INFORMATION SUPPLIED.
◇ ◇ ◇ ◇ ◇
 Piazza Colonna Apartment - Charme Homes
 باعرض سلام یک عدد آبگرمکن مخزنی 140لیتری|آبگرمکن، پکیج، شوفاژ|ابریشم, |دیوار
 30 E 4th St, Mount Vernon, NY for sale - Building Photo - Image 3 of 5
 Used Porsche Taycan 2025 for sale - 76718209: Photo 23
◇ ◇ ◇ ◇ ◇
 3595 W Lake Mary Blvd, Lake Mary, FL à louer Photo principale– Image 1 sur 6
◇ ◇ ◇ ◇ ◇
AIM OF THE TASK.
Copy out every line of the data that includes the word "Photo".

ANSWER TO THIS EXERCISE.
 30 E 4th St, Mount Vernon, NY for sale - Building Photo - Image 3 of 5
 Used Porsche Taycan 2025 for sale - 76718209: Photo 23
 3595 W Lake Mary Blvd, Lake Mary, FL à louer Photo principale– Image 1 sur 6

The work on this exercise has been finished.